- [WHAT TO PRODUCE] Would you return the listing that follows exactly, leaving its pictures behind?

- [DATASET EXCERPT]
-*-*-

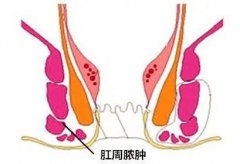 为什么我痔脱出肿大，便血，有血性分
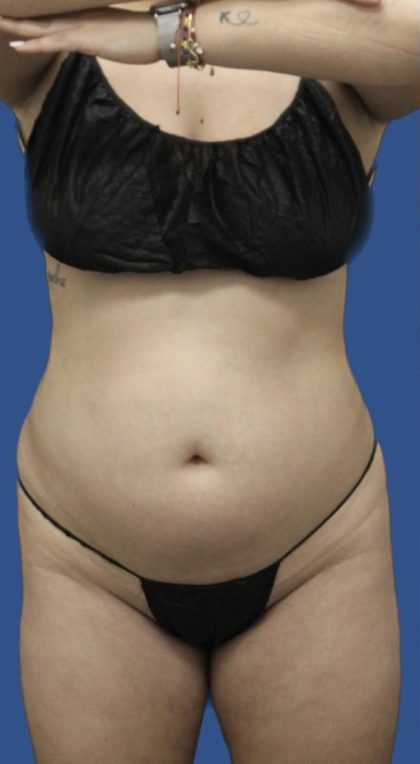 Brazilian Butt Lift Before & After Patient #1174
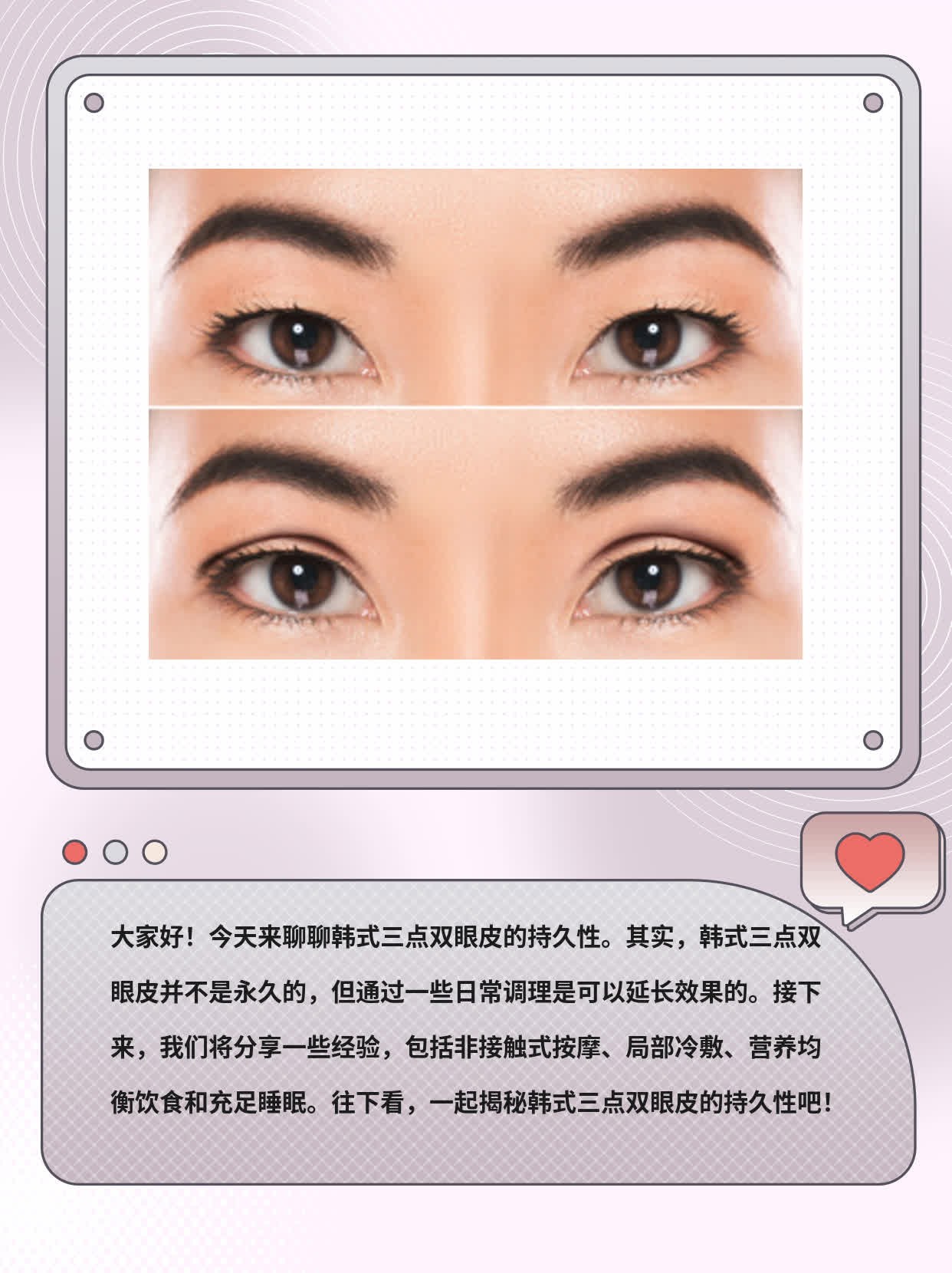 揭秘：韩式三点双眼皮能持久吗？经验分享！
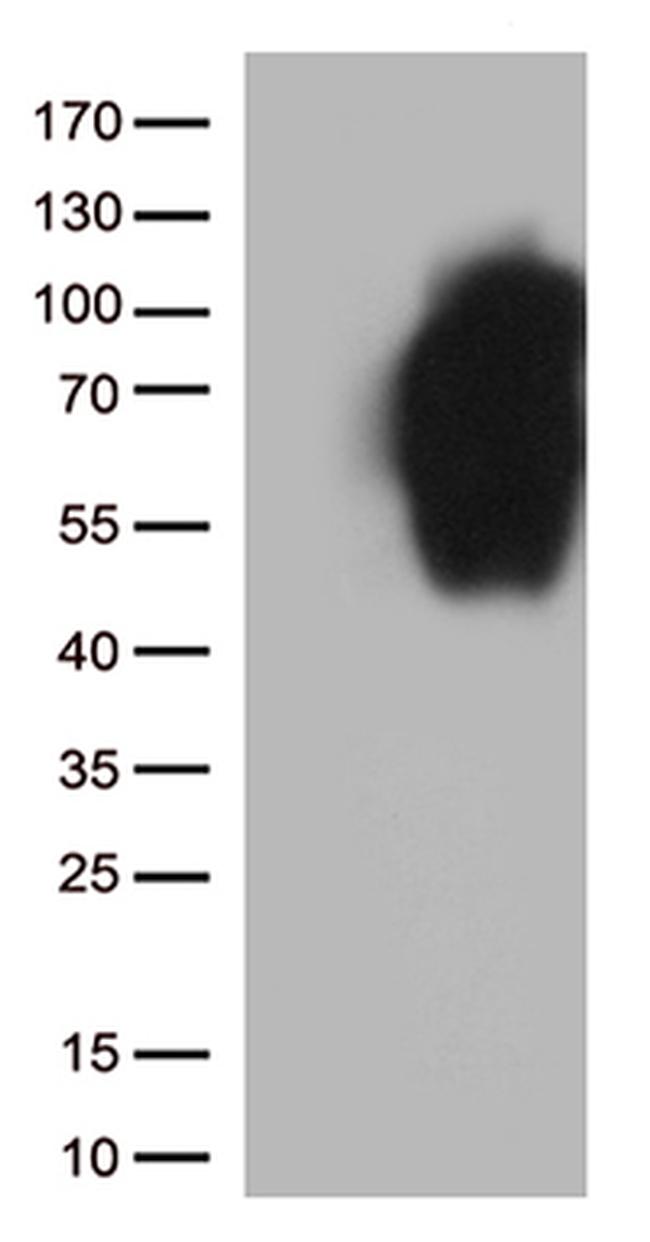 B7-2 (CD86) Antibody in Western Blot (WB)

-*-*-

- [COMPLETED TASK]
 为什么我痔脱出肿大，便血，有血性分
 Brazilian Butt Lift Before & After Patient #1174
 揭秘：韩式三点双眼皮能持久吗？经验分享！
 B7-2 (CD86) Antibody in Western Blot (WB)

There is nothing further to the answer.